Dopo il secondo canto, la signora si volta di nuovo: «Ho capito. Voi cercate le cose belle». Silvia per un attimo si blocca, la colpisce questa donna. Sedute tra il pubblico, si erano scambiate qualche battuta con l’impaccio dell’inglese: Maria da tanti anni vive in Germania, con il marito, che è qui con lei. Si sono trovati in mano il volantino d’invito che i ragazzi hanno distribuito per strada e sono venuti. Al microfono Giovanni, che dirige il coro, introduce il terzo canto e lo definisce «un canto socialista». È Ferriere. Maria lo ascolta, poi sussurra a Silvia: «Per me non è socialista, è un canto umano». Non ha ancora finito di dirlo che Giovanni riprende: «È un canto socialista, ma di un socialismo ingenuo. Che per potersi costruire ha dovuto rubare dal suolo cristiano tutti gli accenti umani, perché altrove e neanche in se stesso ne avrebbe trovati, e vi ha aggiunto una forma, un vestito». Maria sobbalza: «Queste cose non può dirle un ragazzo di vent’anni... “socialismo ingenuo”. Chi ha detto così?». Silvia le dice: «Don Giussani». «Chi è?». «Un prete». «Tu lo conosci?». «Sì certo». «È qui con voi?». «No, è morto...».
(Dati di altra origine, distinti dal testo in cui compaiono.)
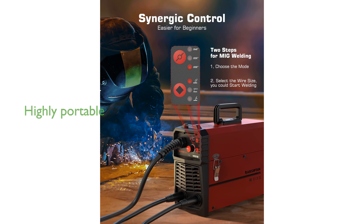Weighing only 11.79 pounds, the welder is highly portable and can be easily carried using the handle or shoulder strap.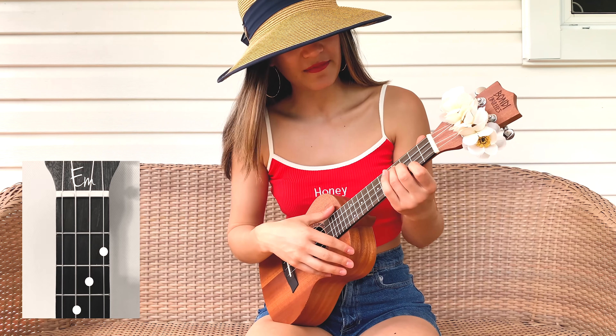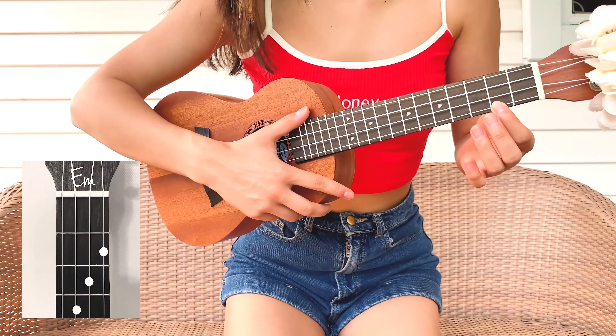Hey guys, what's up? I hope you're doing good. We're gonna be learning how to play Señorita by Shawn Mendes.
Silvia si ferma, guarda quello che ha appena detto, lei che ha ventidue anni e don Giussani non l’ha mai visto, ha risposto di schianto: sì, lo conosco. «Allora ho pensato che anche per lei era possibile conoscerlo come l’ho conosciuto io». Nella borsa ha Tracce, il libretto degli Esercizi della Fraternità e i testi dei canti della serata, le dà tutto. «Io l’ho conosciuto attraverso quello che ha lasciato, i suoi scritti e don Carrón». «Chi è?». «Il prete spagnolo che adesso guida il nostro movimento».

Continuano ad ascoltare i canti in silenzio, fino alla fine, fino a che i ragazzi non chiudono la serata recitando una preghiera. Maria ascolta, ma non apre bocca. Poi, mentre tutti se ne vanno, prende Silvia in disparte: «Grazie. Ringrazia anche quel ragazzo che ha parlato. Io e mio marito siamo atei, non siamo battezzati. Non sappiamo nemmeno dire una preghiera. Ma vi devo la vita». Silvia non ci crede, pensa che quella donna stia esagerando. Invece lei continua: «Ho settantacinque anni e ho dovuto aspettare fino ad ora e sono dovuta venire qui a Pontresina per sapere che Gesù ha un volto».

Silvia stava vivendo una settimana un po’ faticosa. «E mi è stato donato questo incontro, una cosa più grande di me». Tornata a casa, il racconto fa il giro degli amici, tutti a chiederle per sapere e lei che s’imbarazza, perché «io non ho fatto nulla». Quella donna se l’era solo trovata di fianco. Più passava il tempo e più sentiva ripetere qua e là da altri questo fatto, e più diventava insofferente. «Dicevo: va bene, è una cosa grande, ma è passata. Eppure, questo mi ha portata a vedere ciò che non avevo visto. Quello che è accaduto a Maria è eccezionale, ma è ciò che succede a me ogni giorno: Cristo mi mostra il Suo volto. Pensavo che quella donna non ci dovesse proprio nulla, invece lei era così legata a noi perché è con noi che Lo ha incontrato. La stessa mia esperienza. Questo è il mio legame con il movimento: il metodo di Dio, che si fa carne in un incontro».

Quella sera, dal palco, Giovanni non sapeva cosa stesse succedendo tra il pubblico. Lui che fino all’ultimo quelle parole, «socialismo ingenuo», non sapeva neanche se dirle, perché non le afferrava fino in fondo. «Poi ho deciso: quando mi sono fidato ho sempre capito e visto. E questa volta ho visto che è Dio che fa tutto».